(Beginning of Listed records)
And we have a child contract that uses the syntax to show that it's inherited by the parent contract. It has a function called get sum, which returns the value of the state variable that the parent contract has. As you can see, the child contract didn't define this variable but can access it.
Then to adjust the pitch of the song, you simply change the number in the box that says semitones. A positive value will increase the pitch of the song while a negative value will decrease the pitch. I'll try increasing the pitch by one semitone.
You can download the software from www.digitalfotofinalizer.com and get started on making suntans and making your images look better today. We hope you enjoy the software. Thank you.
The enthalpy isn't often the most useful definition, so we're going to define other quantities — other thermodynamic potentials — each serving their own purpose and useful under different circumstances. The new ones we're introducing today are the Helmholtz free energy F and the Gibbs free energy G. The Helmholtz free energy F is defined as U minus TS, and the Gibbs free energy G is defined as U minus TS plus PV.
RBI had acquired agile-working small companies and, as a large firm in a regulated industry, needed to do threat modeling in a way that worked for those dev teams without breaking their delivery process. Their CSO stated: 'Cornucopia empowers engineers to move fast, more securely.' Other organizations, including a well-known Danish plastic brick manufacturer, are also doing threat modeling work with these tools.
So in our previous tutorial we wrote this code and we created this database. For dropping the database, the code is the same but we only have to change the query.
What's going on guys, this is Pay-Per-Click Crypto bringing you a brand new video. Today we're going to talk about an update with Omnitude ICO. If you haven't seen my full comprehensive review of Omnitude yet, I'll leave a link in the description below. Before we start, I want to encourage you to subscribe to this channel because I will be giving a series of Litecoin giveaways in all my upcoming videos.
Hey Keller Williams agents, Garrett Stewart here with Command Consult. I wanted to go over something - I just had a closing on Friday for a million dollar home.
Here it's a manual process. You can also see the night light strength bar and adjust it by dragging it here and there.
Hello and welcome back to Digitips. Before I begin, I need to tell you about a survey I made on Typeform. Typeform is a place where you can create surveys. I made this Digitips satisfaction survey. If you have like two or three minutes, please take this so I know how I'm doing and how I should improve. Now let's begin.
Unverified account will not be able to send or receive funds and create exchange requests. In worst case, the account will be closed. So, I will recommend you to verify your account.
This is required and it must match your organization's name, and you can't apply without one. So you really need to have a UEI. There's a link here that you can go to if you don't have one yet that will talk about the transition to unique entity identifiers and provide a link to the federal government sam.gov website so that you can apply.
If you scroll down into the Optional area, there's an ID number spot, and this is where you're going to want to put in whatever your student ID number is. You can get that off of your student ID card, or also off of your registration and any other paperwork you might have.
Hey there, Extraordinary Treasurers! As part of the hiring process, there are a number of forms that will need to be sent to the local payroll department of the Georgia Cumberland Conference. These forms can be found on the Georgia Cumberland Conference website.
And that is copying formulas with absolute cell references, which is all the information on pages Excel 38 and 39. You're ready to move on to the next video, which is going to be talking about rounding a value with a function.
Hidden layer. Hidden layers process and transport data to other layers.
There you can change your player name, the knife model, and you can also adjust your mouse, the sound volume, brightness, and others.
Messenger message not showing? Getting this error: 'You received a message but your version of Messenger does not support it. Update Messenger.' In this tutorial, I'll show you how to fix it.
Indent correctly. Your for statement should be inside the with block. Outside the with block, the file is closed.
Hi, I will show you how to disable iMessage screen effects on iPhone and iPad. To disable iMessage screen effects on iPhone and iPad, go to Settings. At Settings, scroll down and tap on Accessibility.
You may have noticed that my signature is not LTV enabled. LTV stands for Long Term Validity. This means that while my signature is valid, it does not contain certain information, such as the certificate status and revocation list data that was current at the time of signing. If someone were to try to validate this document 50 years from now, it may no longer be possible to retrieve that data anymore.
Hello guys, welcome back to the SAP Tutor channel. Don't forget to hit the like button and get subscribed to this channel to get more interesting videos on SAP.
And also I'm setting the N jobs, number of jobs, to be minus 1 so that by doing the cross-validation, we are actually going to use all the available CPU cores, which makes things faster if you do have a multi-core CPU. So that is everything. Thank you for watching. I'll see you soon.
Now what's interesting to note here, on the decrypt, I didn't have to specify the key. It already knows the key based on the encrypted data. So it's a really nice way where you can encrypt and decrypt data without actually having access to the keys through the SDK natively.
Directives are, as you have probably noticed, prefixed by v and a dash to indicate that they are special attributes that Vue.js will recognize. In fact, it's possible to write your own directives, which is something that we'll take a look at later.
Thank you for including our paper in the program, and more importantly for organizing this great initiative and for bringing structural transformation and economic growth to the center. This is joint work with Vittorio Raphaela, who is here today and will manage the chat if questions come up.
(End of Listed records)
Work item: Using the entries above, output exactly the lines between the line holding "Hidden layer. Hidden" and the line holding "Hello guys, welcome", end lines included, and nothing more.

Your solution:
Hidden layer. Hidden layers process and transport data to other layers.
There you can change your player name, the knife model, and you can also adjust your mouse, the sound volume, brightness, and others.
Messenger message not showing? Getting this error: 'You received a message but your version of Messenger does not support it. Update Messenger.' In this tutorial, I'll show you how to fix it.
Indent correctly. Your for statement should be inside the with block. Outside the with block, the file is closed.
Hi, I will show you how to disable iMessage screen effects on iPhone and iPad. To disable iMessage screen effects on iPhone and iPad, go to Settings. At Settings, scroll down and tap on Accessibility.
You may have noticed that my signature is not LTV enabled. LTV stands for Long Term Validity. This means that while my signature is valid, it does not contain certain information, such as the certificate status and revocation list data that was current at the time of signing. If someone were to try to validate this document 50 years from now, it may no longer be possible to retrieve that data anymore.
Hello guys, welcome back to the SAP Tutor channel. Don't forget to hit the like button and get subscribed to this channel to get more interesting videos on SAP.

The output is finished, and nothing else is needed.